Reducing Test Cases

When reporting a bug, or investing a bug report, in Wasmtime it is easier for everyone involved when there is a test case that reproduces the bug. It is even better when that test case is as small as possible, so that developers don't need to wade through megabytes of unrelated Wasm that isn't necessary to showcase the bug. The process of taking a large test case and stripping out the unnecessary bits is called test case reduction.

The wasm-tools shrink tool can automatically reduce Wasm test cases when given

  1. the original, unreduced test case, and
  2. a predicate script to determine whether the bug reproduces on a given reduced test case candidate.

If the test case causes Wasmtime to segfault, the script can run Wasmtime and check its exit code. If the test case produces a different result in Wasmtime vs another Wasm engine, the script can run both engines and compare their results. It is also often useful to grep through the candidate's WAT disassembly to make sure that relevant features and instructions are present.

Case Study: Issue #7779

A bug was reported involving the memory.init instruction. The attached test case was larger than it needed to be and contained a bunch of functions and other things that were irrelevant. A perfect use case for wasm-tools shrink!

First, we needed a predicate script to identify the reported buggy behavior. The script is given the candidate test case as its first argument and must exit zero if the candidate exhibits the bug and non-zero otherwise.

#!/usr/bin/env bash

# Propagate failure: exit non-zero if any individual command exits non-zero.
set -e

# Disassembly the candidate into WAT. Make sure the `memory.init` instruction
# is present, since the bug report is about that instruction. Additionally, make
# sure it is referencing the same data segment.
wasm-tools print $1 | grep -q 'memory.init 2'

# Make sure that the data segment in question remains unchanged, as mutating its
# length can change the semantics of the `memory.init` instruction.
wasm-tools print $1 | grep -Eq '\(data \(;2;\) \(i32\.const 32\) "\\01\\02\\03\\04\\05\\06\\07\\08\\ff"\)'

# Make sure that the `_start` function that contains the `memory.init` is still
# exported, so that running the Wasm will run the `memory.init` instruction.
wasm-tools print $1 | grep -Eq '\(export "_start" \(func 0\)\)'

# Run the testcase in Wasmtime and make sure that it traps the same way as the
# original test case.
cargo run --manifest-path ~/wasmtime/Cargo.toml -- run $1 2>&1 \
    | grep -q 'wasm trap: out of bounds memory access'

Note that this script is a little fuzzy! It just checks for memory.init and a particular trap. That trap can correctly occur according to Wasm semantics when memory.init is given certain inputs! This means we need to double check that the reduced test case actually exhibits a real bug and its inputs haven't been transformed into something that Wasm semantics specify should indeed trap. Sometimes writing very precise predicate scripts is difficult, but we do the best we can and usually it works out fine.

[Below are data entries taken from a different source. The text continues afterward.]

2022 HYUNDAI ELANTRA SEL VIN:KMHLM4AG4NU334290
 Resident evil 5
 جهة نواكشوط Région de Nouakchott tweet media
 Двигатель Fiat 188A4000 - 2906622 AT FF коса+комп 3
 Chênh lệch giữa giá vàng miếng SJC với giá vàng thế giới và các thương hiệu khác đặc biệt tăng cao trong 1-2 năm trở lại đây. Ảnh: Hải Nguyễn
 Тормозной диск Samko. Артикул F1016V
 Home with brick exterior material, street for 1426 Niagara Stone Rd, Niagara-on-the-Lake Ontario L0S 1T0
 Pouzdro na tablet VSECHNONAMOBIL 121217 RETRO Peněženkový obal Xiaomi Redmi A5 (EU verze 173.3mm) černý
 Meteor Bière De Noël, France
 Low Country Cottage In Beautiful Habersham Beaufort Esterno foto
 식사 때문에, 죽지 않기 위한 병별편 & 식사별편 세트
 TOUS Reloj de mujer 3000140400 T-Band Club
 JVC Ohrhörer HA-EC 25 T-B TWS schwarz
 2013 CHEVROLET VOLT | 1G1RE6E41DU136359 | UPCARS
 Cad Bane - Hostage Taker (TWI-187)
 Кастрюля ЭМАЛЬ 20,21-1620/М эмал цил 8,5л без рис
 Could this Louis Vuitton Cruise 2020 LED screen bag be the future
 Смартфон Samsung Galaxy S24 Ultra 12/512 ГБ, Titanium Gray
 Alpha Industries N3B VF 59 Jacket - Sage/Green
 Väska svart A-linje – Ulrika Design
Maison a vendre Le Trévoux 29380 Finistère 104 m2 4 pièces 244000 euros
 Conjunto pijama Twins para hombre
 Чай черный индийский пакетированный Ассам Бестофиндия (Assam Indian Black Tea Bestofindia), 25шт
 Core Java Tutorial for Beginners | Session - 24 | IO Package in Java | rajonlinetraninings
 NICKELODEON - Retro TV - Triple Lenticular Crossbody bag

With the predicate script in hand, we can automatically reduce the original test case:

$ wasm-tools shrink predicate.sh test-case.wasm
369 bytes (1.07% smaller)
359 bytes (3.75% smaller)
357 bytes (4.29% smaller)
354 bytes (5.09% smaller)
344 bytes (7.77% smaller)
...
118 bytes (68.36% smaller)
106 bytes (71.58% smaller)
94 bytes (74.80% smaller)
91 bytes (75.60% smaller)
90 bytes (75.87% smaller)

test-case.shrunken.wasm :: 90 bytes (75.87% smaller)
================================================================================
(module
  (type (;0;) (func))
  (func (;0;) (type 0)
    (local i32 f32 i64 f64)
    i32.const 0
    i32.const 9
    i32.const 0
    memory.init 2
  )
  (memory (;0;) 1 5)
  (export "_start" (func 0))
  (data (;0;) (i32.const 8) "")
  (data (;1;) (i32.const 16) "")
  (data (;2;) (i32.const 32) "\01\02\03\04\05\06\07\08\ff")
)
================================================================================

In this case, the arguments to the original memory.init instruction haven't changed, and neither has the relevant data segment, so the reduced test case should exhibit the same behavior as the original.

In the end, it was determined that Wasmtime was behaving as expected, but the presence of the reduced test case makes it much easier to make that determination.